Chadbourn is playing with some heavy magic here, and this gives his work a weight that precludes much levity. You'll find plenty of gravitas, action, pathos, horror and romance in Jack of Ravens, but not a great many jokes!. Instead there is solidity to the story telling that's very impressive, even more so when one considers that the novel is no fat fantasy, full of stodge and padding. Rather Jack of Ravens is a lean, finely honed piece of writing, very direct and to the point.
The core of the story follows Church through history as he travels forward towards his time. Rather than simply live his way through the three thousand years, he is able to dip in and out, interspersing events with visits to the Otherworld, the realm of god like creatures, specifically the Tuatha Dé Danann from Celtic mythology. These deities appear morally ambiguous in Jack of Ravens, obsessed with their own immortality and often more of a hindrance than a help. However, Chadbourn displays great skill in mapping a genuinely fascinating journey for his main Tuatha Dé Danann character, Niamh, for through her association with Church, she begins to truly understand what it is to be human, to be what she refers to as a 'Fragile Creature'.

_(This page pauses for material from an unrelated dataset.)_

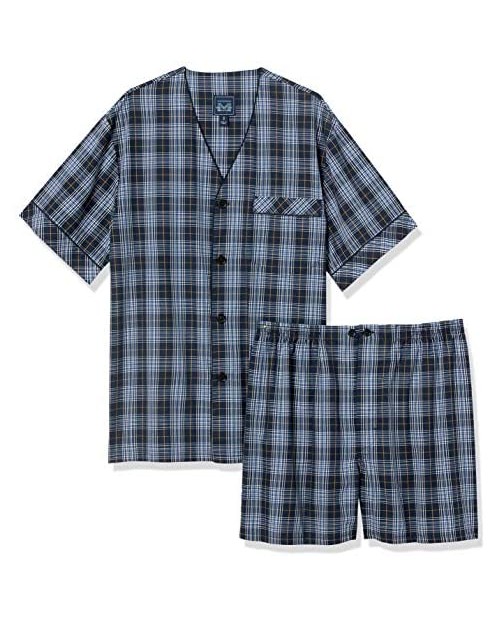Majestic International Men's Ease Into Summer Woven Easy Care Shorty Pajama Set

Church's journey then is a long haul and Chadbourn takes his readers through a timescape in which he bends history to serve his narrative needs. The ride is a bumpy one in places, for the times Chadbourn chooses to place his scenes tend to be separated by very uneven gaps. From Celtic prehistory, we jump to Roman times, then on to Elizabethan England (where we have an interesting encounter with John Dee that offers a context for the bizarre business of him apparently talking to angels), we move on to the New World and the lost colony of Roanoke (the mystery of which is impressively explained), to Victorian England, World War II and a penultimate stop in hippy San Francisco in the late 60s. Dipping into all these time periods is fun and Chadbourn offers a satisfying taste of each every time the bus stops. At the same time, this approach never allows the story to properly gel in the readers mind, largely because of the many, many supporting characters we meet along the way. Over the course of the story Church has dozens of colleagues who become Brothers and Sisters of Dragons, many of whom meet unfortunate ends - but our acquaintance with them is often so brief that where Jack suffers terrible grief at their loss, we can only sympathise rather than empathise. It's hard to care about people we barely knew.

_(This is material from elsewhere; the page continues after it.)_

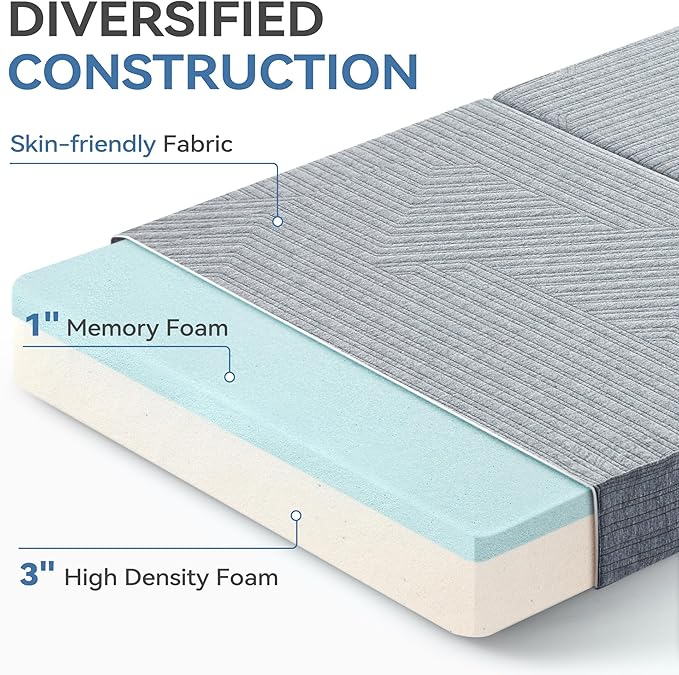 BDEUS Tri-Fold 4" Memory Foam Mattress Full Size Portable Bed, Foldable Floor Mat for Adults & Kids, Washable CertiPUR-US Certified Cover, Lightweight for Travel/Camping/Yoga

There is considerable courage and ambition shown by Chadbourn in Jack of Ravens. Certainly it can be read and enjoyed as a stand alone, but you’ll get more from it if you dip first into Chadbourn's earlier work. Though this novel is most definitely a challenge for readers, it is a real bravura display from the author, a very successful attempt to offer readers something truly different from the standard fantasy fare.